Queen Elizabeth I vs. Mary, Queen of Scots
Most know Queen Elizabeth I for hearkening England’s Golden Age and love or loathe her historical legacy in equal, but there was one particular lady that Queen Elizabeth was not fond of: Mary, Queen of Scots. The two had a very public dispute over sovereignty that eventually led to Mary’s demise. As the daughter of Henry VIII and Anne Boleyn, Elizabeth had a legitimate, if often contested, claim to the throne. But following her father’s purposeful move away from the Catholic Church, when she assumed the throne the fate of England’s faith greatly rested in Elizabeth’s hands. In 1558, the protestant queen declared that England was indeed a Protestant country, which inspired the ire of many English Catholics who didn’t think that Elizabeth was the rightful heir to the English crown.
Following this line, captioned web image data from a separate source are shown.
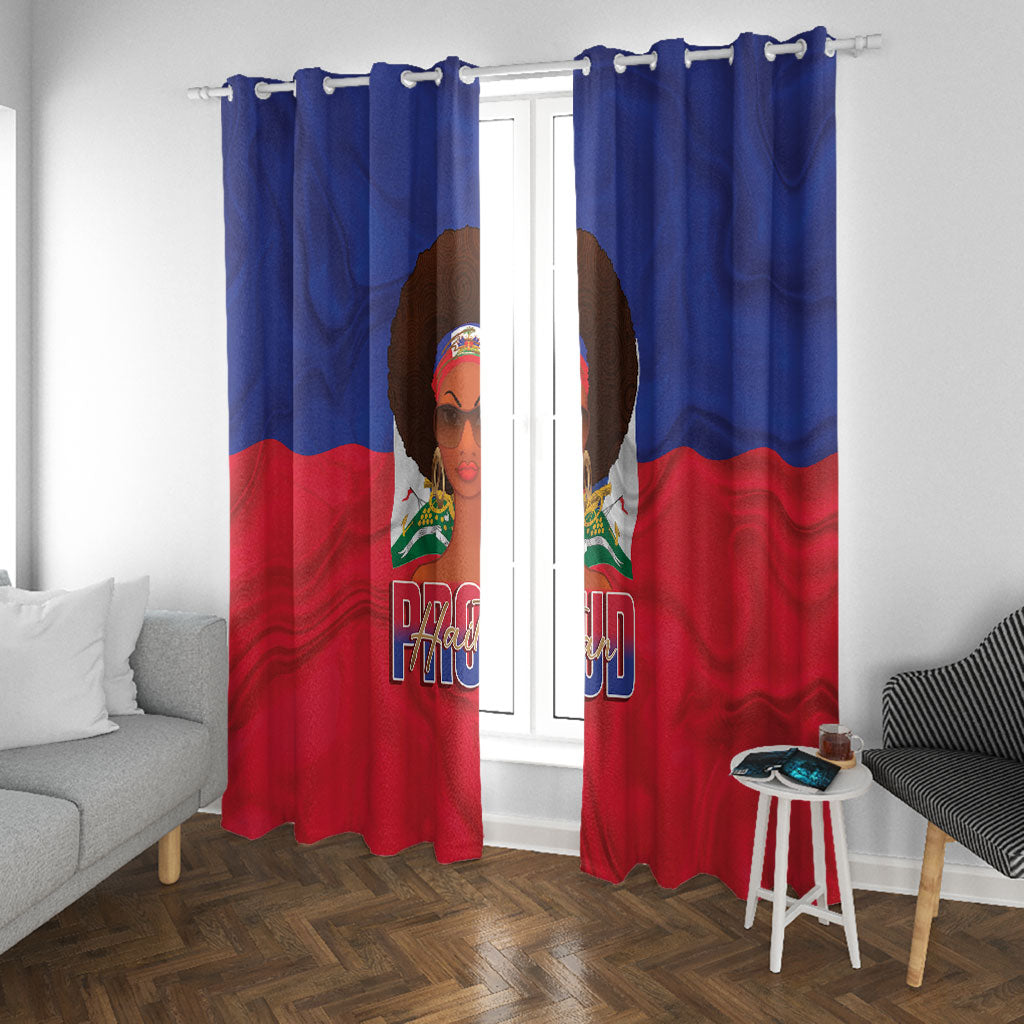 Haiti Flag Day Window Curtain Haitian Women Proud Flag Wave Style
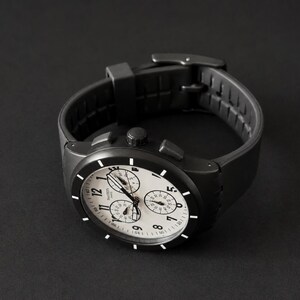 K&ouml;nnte beinhalten: Eine schwarze Armbanduhr mit wei&szlig;em Zifferblatt und schwarzen Zeigern. Die Uhr hat drei kleinere Zifferbl&auml;tter und ein schwarzes Kautschukarmband. Die Uhr ist vor einem dunklen Hintergrund platziert.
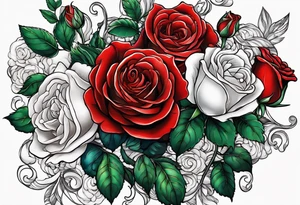 Red roses with pearls and scallop shells tattoo idea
Thus many looked toward Mary, Queen of Scots, to replace Elizabeth. Mary Queen of Scots was the Catholic heir to the Scottish throne, but after a slew of scandals, Mary Stuart was forced to flee the country. She looked to Elizabeth for help and support, but Elizabeth was suspicious that she was going to raise Catholic support and usurp her title, so she kept Mary a virtual prisoner for the next eighteen years in Lochleven Castle. By 1586, Elizabeth found conclusive proof in the form of letters that Mary was plotting her murder. The feud ended officially on February 8, 1587, when Elizabeth signed a death warrant and Mary Queen of Scots was beheaded at Fotheringay Castle.